Supplied entries:
☆ ☆ ☆ ☆ ☆

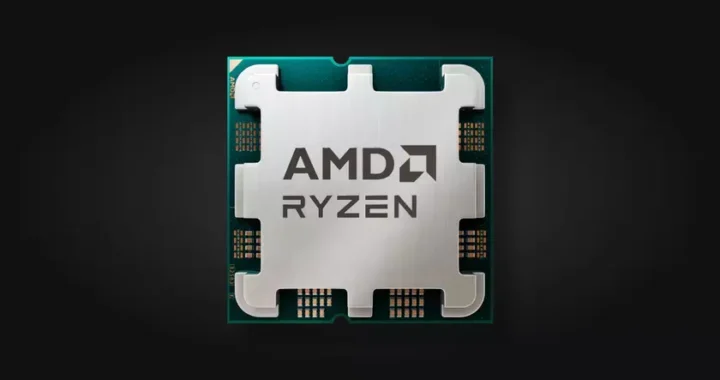 AMD рассматривает возможность сотрудничества с Samsung для производства чипов по 2-нм техпроцессу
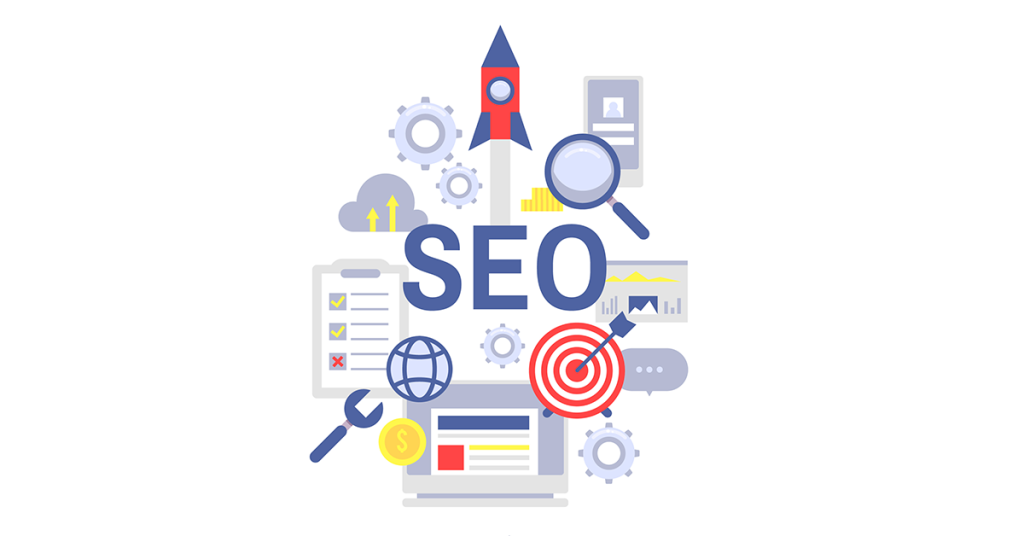 SEO para Agencias de Viajes: cómo posicionar tu página web y atraer más clientes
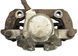 Суппорт передний левый Mercedes C-class A0034202383 188138 фото 2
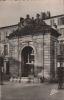Frankreich - Rochefort-sur-Mer - La Fontaine monumentale - 1949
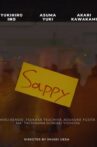 Sappy Movie Streaming Online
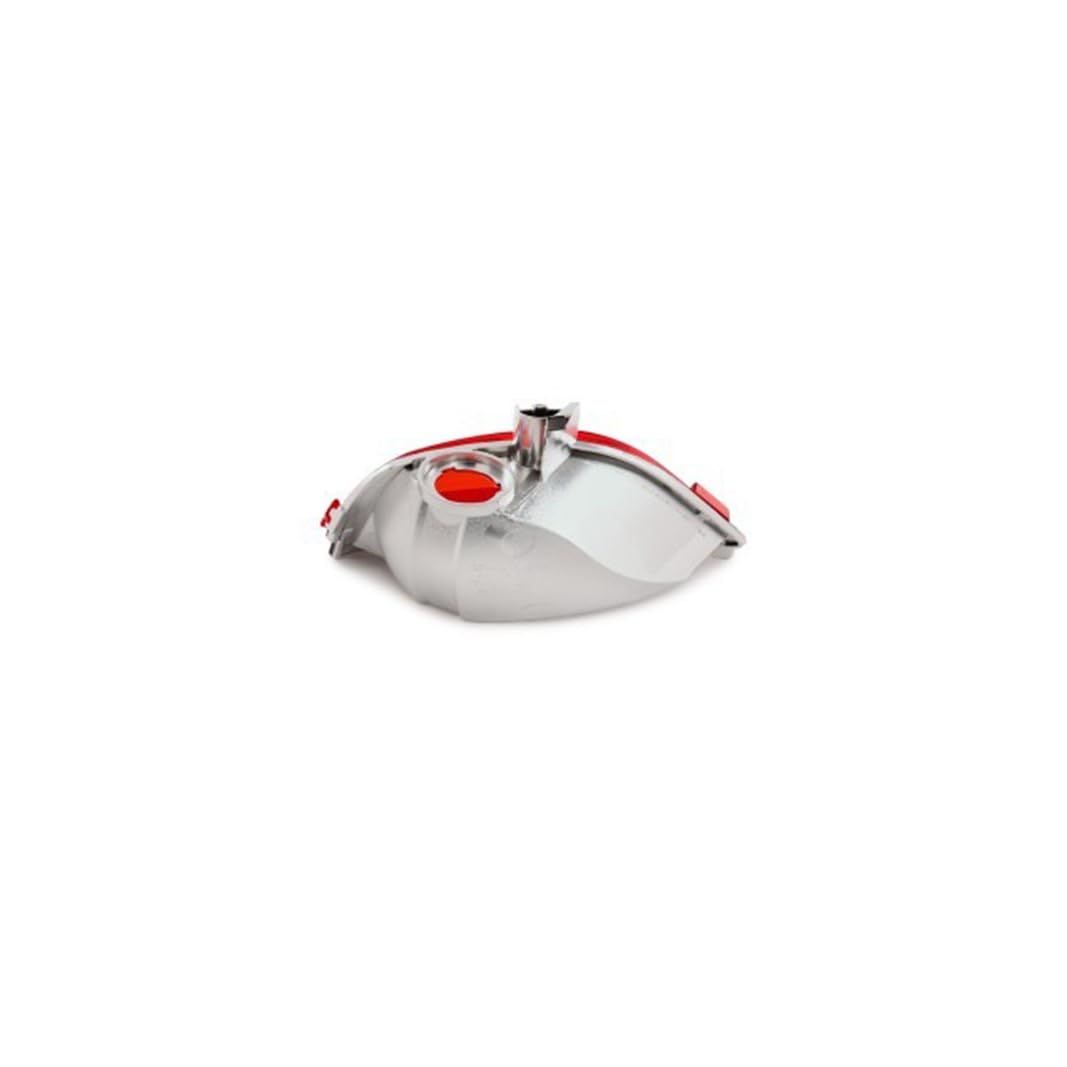 CG94 - Retronebbia per Auto RENA_ULT CAPTUR 2013_2019 - SCENIC 2009_2013 - MEGANE 2008_2012 CABRIO - ZOE 2013 (Lato Sinistro)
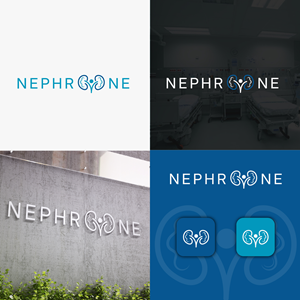 Logo Design by Design Athics for this project | Design: #30075703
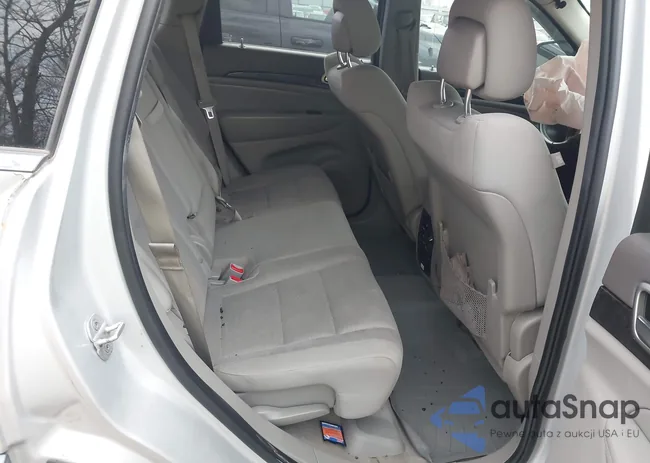 1C4RJFAG5CC185460: 43994878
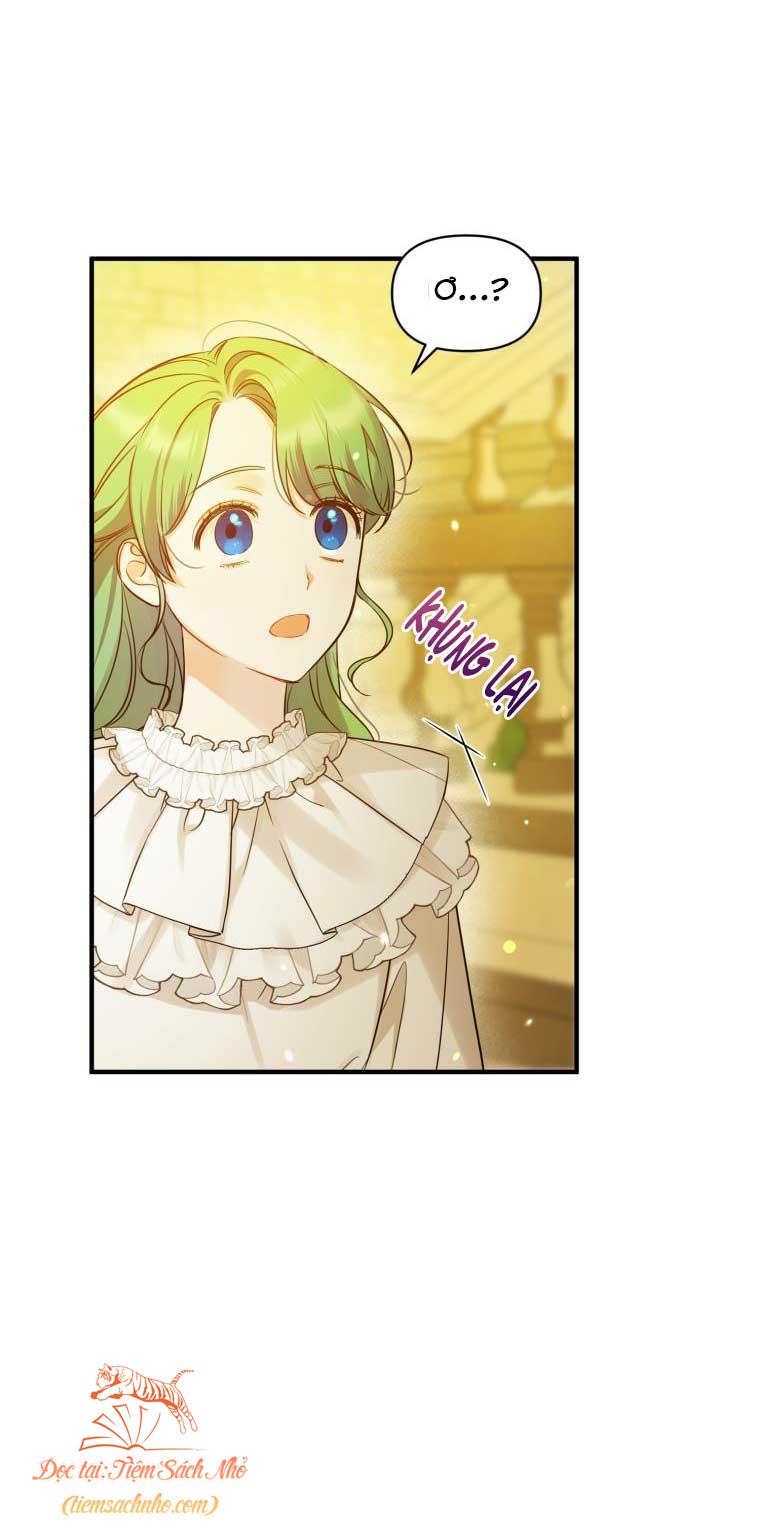 trở thành em gái nam chính truyện bl chapter 22 13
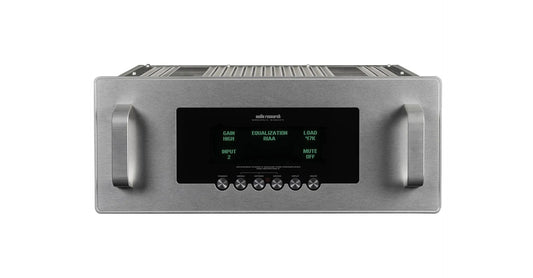 Audio Research Reference Phono 3SE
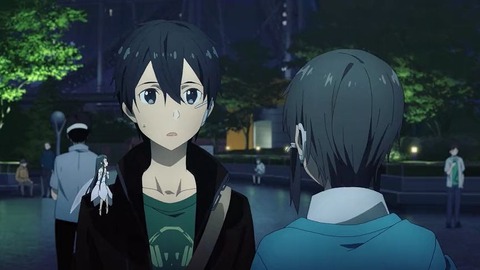 20200815185355_IMG_7427_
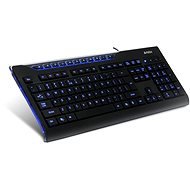 A4tech KD-800L - Keyboard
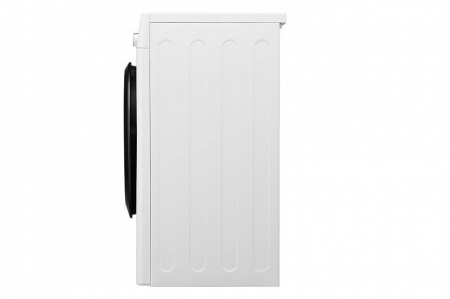 Стиральная машина LG F2M5HS6W купить с доставкой по Москве и Московской области в интернет-магазине АваТехно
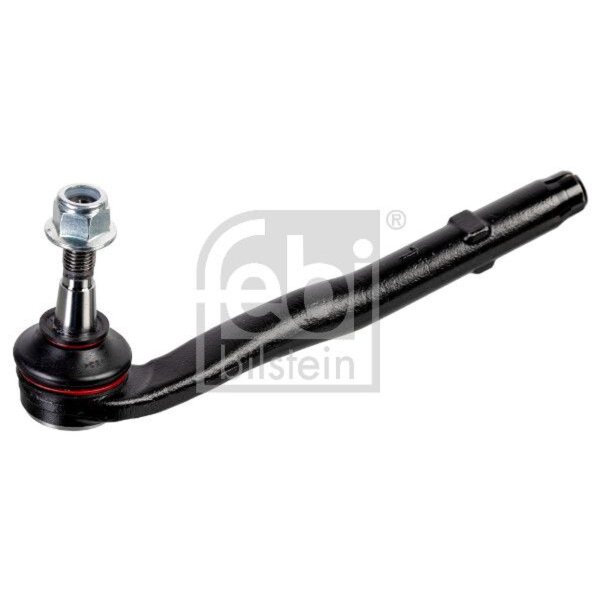 FEBI BILSTEIN 172483 Spurstangenkopf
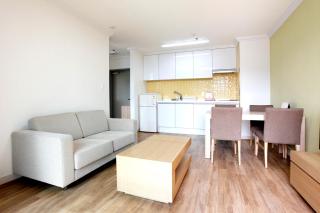 Kumho Hwasun Spa Resort - Hwasun - 5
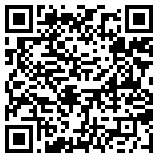 QR Code for Broham Electric in Palmdale, CA 93550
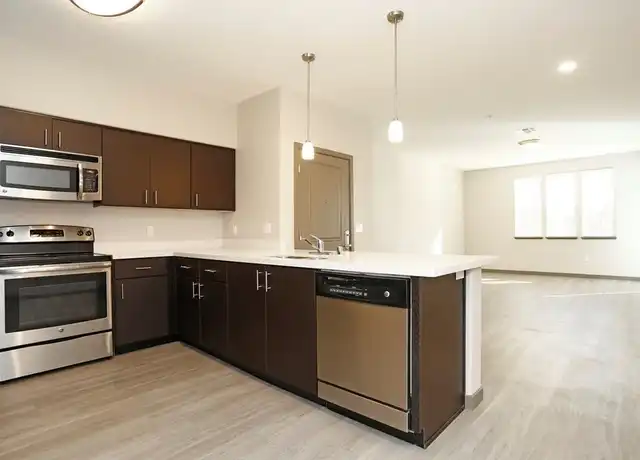 Property at Hacienda Apartments - 5723 W Las Positas Blvd, Pleasanton, CA, 94588, 2 beds, 2 baths, [object Object]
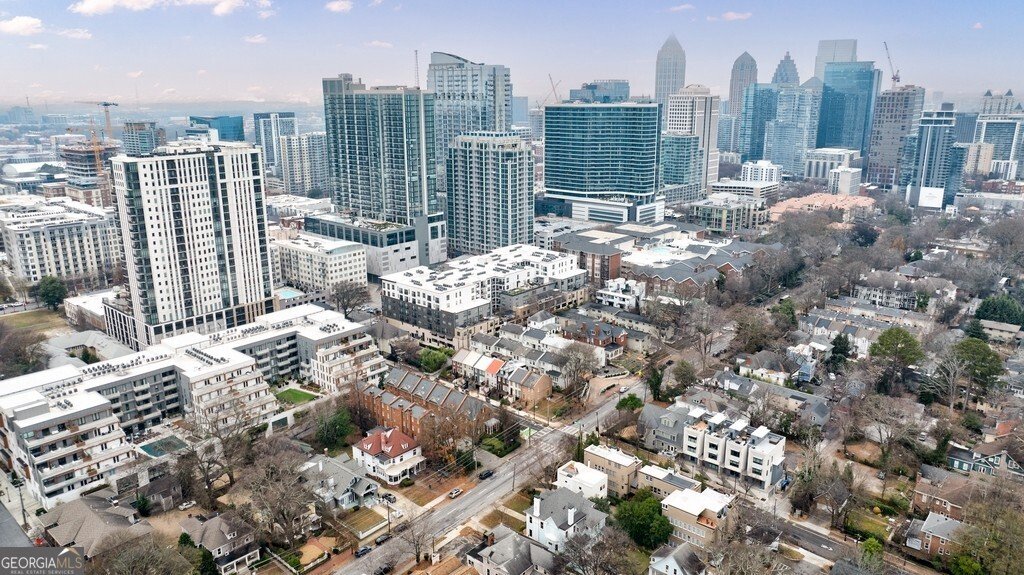 767 Piedmont Avenue Atlanta - 46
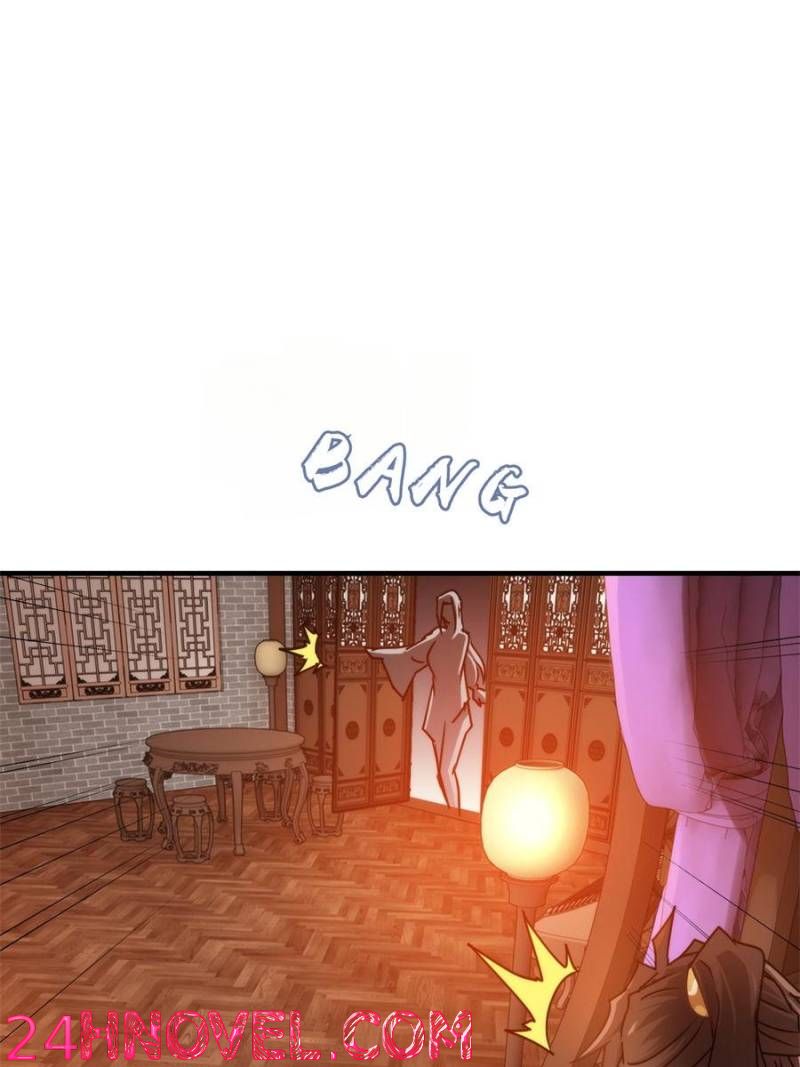 Read That’s How Cultivation Is Webnovel Manga Online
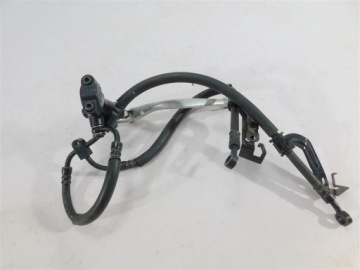 ТОРМОЗНОЙ ЦИЛИНДР ПЕРЕДНИЙ YAMAHA YZF-R1 1000 RN12 04-06 5VYW25870000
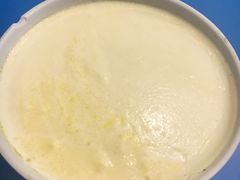 -德禄酸奶(莫家街店)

☆ ☆ ☆ ☆ ☆

Using the listing above, repeat word for word each line from the one with "CG94 - Retronebbia" down to the one with "A4tech KD-800L - Keyboard", both included. Omit all pictures.

 CG94 - Retronebbia per Auto RENA_ULT CAPTUR 2013_2019 - SCENIC 2009_2013 - MEGANE 2008_2012 CABRIO - ZOE 2013 (Lato Sinistro)
 Logo Design by Design Athics for this project | Design: #30075703
 1C4RJFAG5CC185460: 43994878
 trở thành em gái nam chính truyện bl chapter 22 13
 Audio Research Reference Phono 3SE
 20200815185355_IMG_7427_
 A4tech KD-800L - Keyboard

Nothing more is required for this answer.